Post-Dobbs, a handful of states have tried with varying success to clamp down on abortion speech — separate from the states that still have “little Comstock laws” on the books that ban abortion and contraception information. Such laws are based on an 1873 federal law named for the post office special agent Anthony Comstock. Its provisions have been ruled unconstitutional by the Supreme Court in cases such as Griswold v. Connecticut (1965) on privacy grounds.

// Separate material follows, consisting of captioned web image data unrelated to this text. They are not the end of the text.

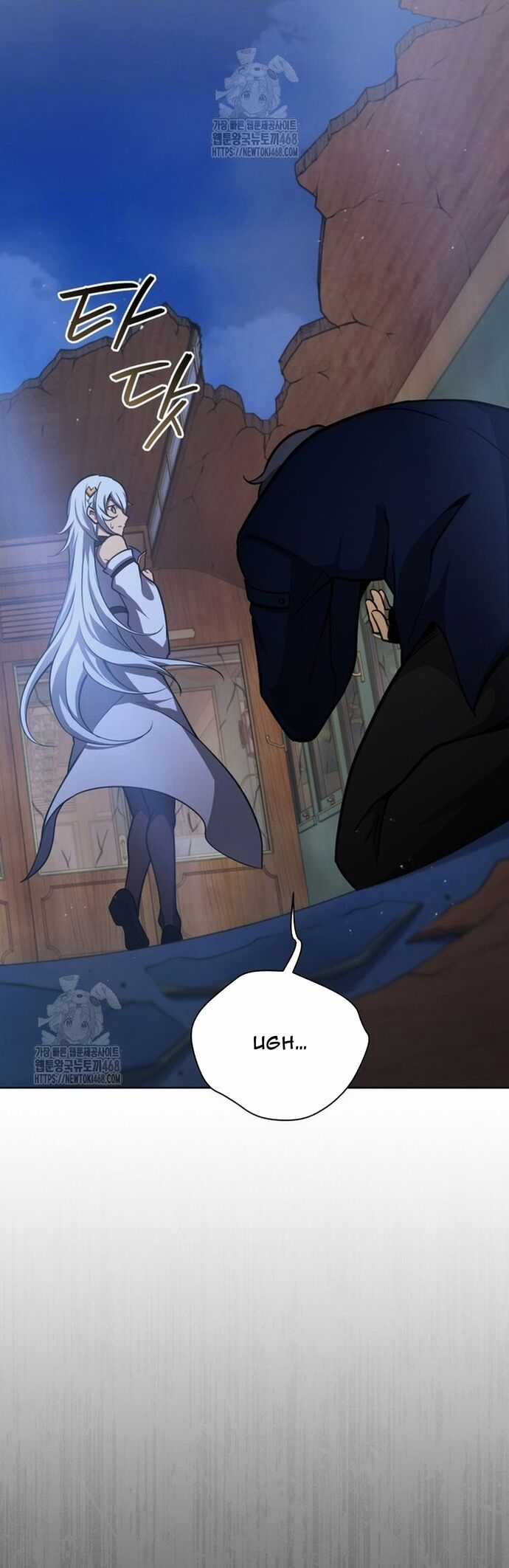 Tử Linh Sư Thiên Tài Của Học Viện Chương 172 trang 32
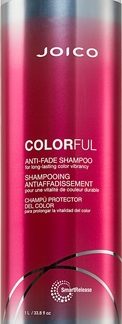 JoicoColorful Anti-fade Shampoo shampoo per capelli tinti
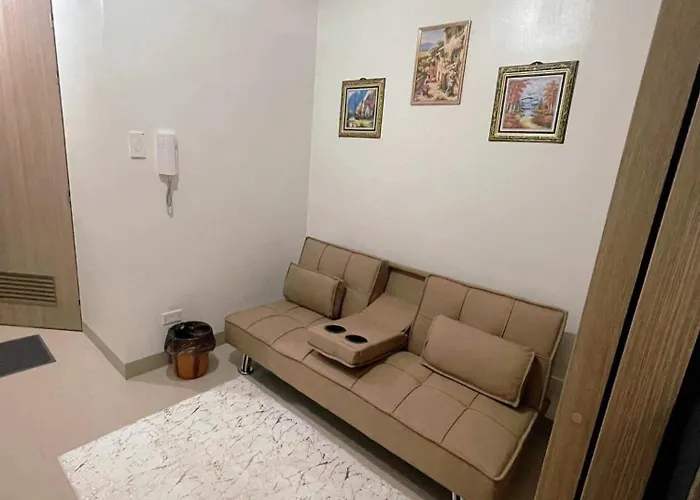 Aparthotel Shore
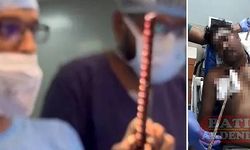 Yakınının düğününde silahlı saldırıda yaralandı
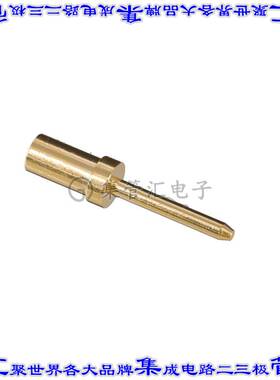 3230-4-00-21-00-00-08-0 接插件连接器CONN PC PIN CIRC .040DIA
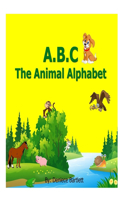 A.B.C The Animal Alphabet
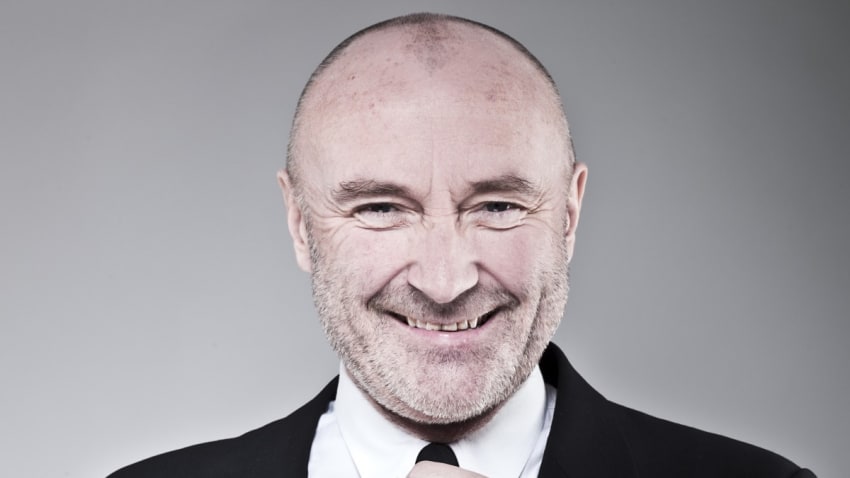 Phil Collins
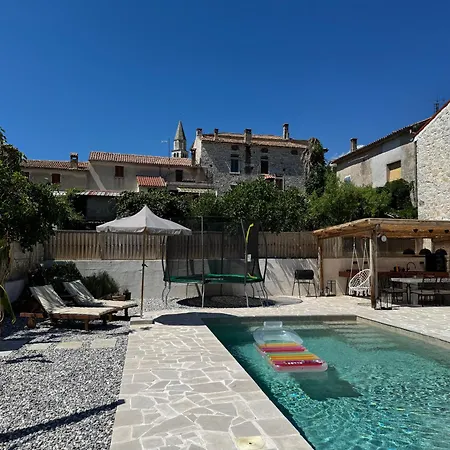 Ferienhaus New 2024! Casa Vecchia *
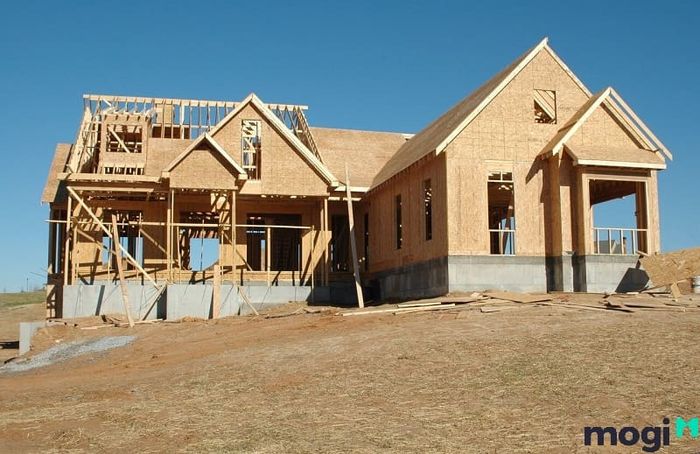 mơ thấy mua một ngôi nhà mới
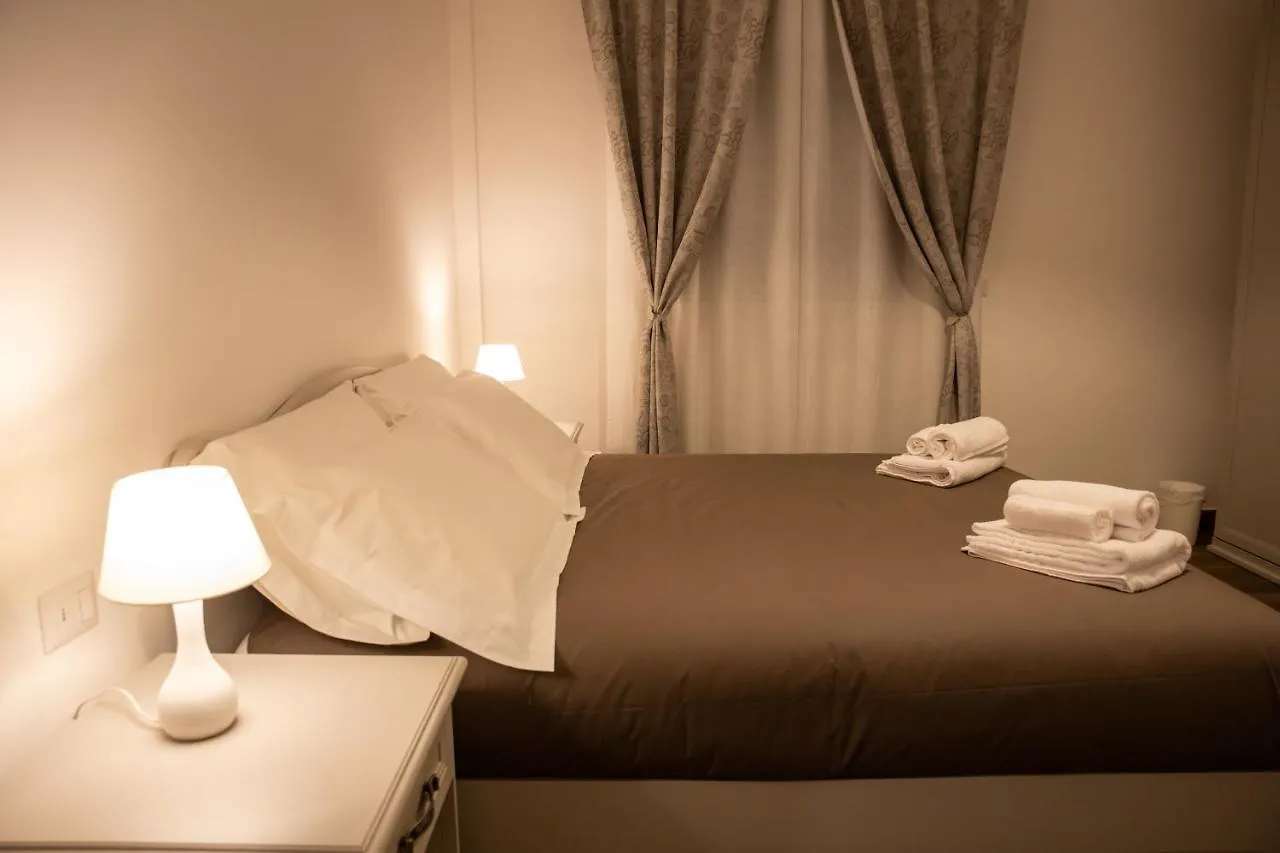 Frühstückspension Bed and Breakfast Viva' Bari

But the statute (18 U.S. §1461 and §1462) has never been struck down and it is cited in Project 2025 as something that a new Department of Justice should enforce against providers and distributors of abortion pills through the mail based on the Supreme Court’s decision in Dobbs. (Project 2025, Presidential Transition Project, is a publication by The Heritage Foundation, outlining its vision of “The Conservative Promise” for a new Republican administration.)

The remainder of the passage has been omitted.